Within the listing below, give again exactly the lines between the one containing "Chongqing Ronghui Grand" and the one containing "5 trick to become business women 🔥💸", inclusive, pictures left aside.
___ DATA FOR ANALYSIS ___
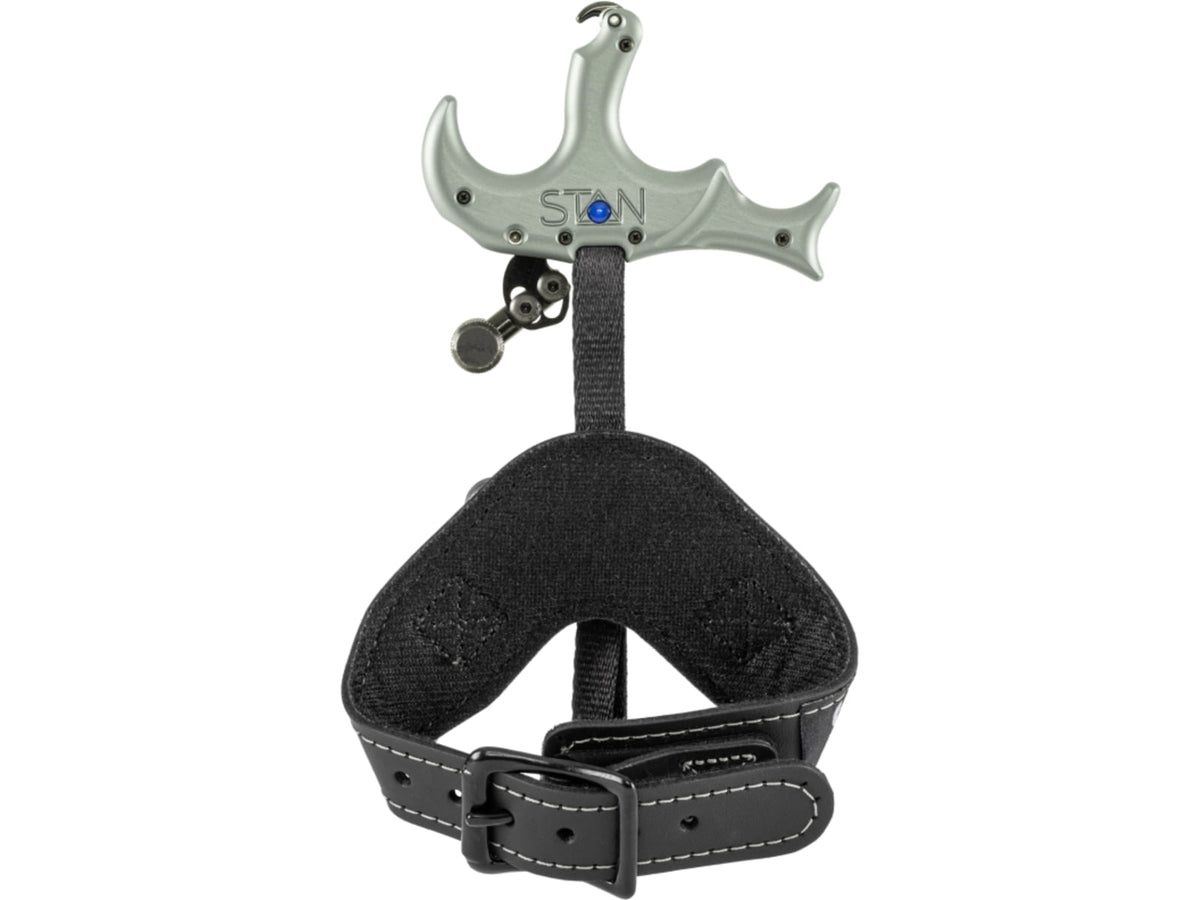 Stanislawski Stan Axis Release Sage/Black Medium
___
___ DATA FOR ANALYSIS ___
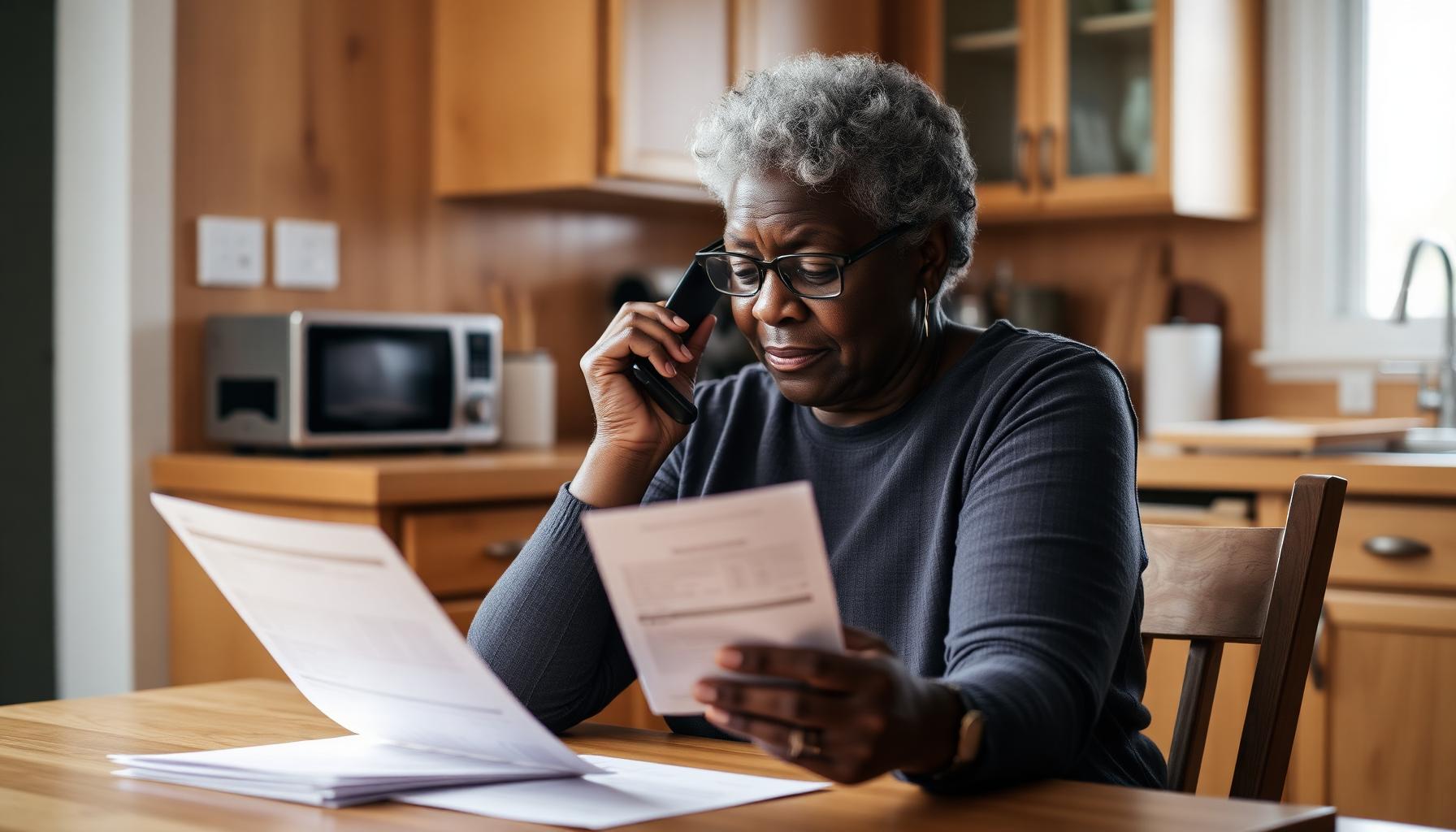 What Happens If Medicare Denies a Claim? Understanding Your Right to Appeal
___
___ DATA FOR ANALYSIS ___
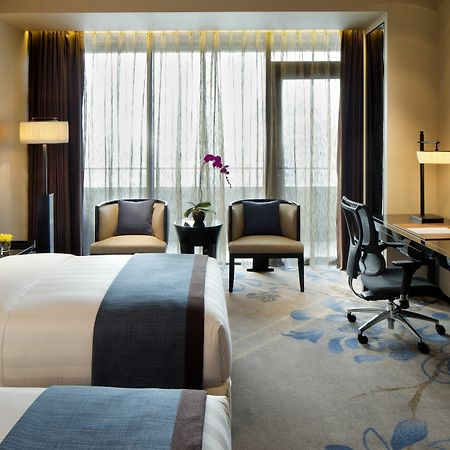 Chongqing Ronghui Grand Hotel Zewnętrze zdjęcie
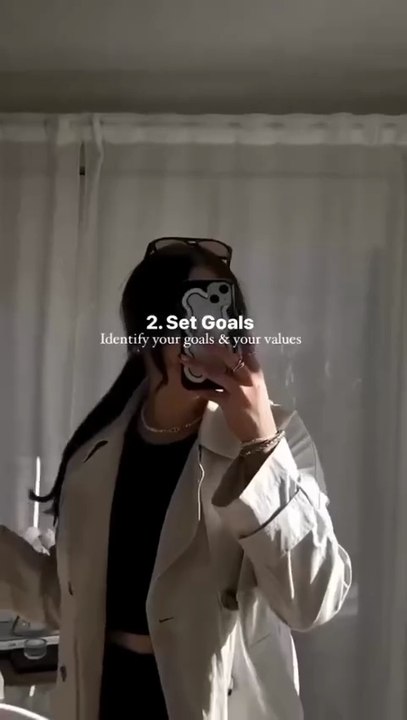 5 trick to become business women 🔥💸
___
> [WRITTEN SOLUTION]
 Chongqing Ronghui Grand Hotel Zewnętrze zdjęcie
 5 trick to become business women 🔥💸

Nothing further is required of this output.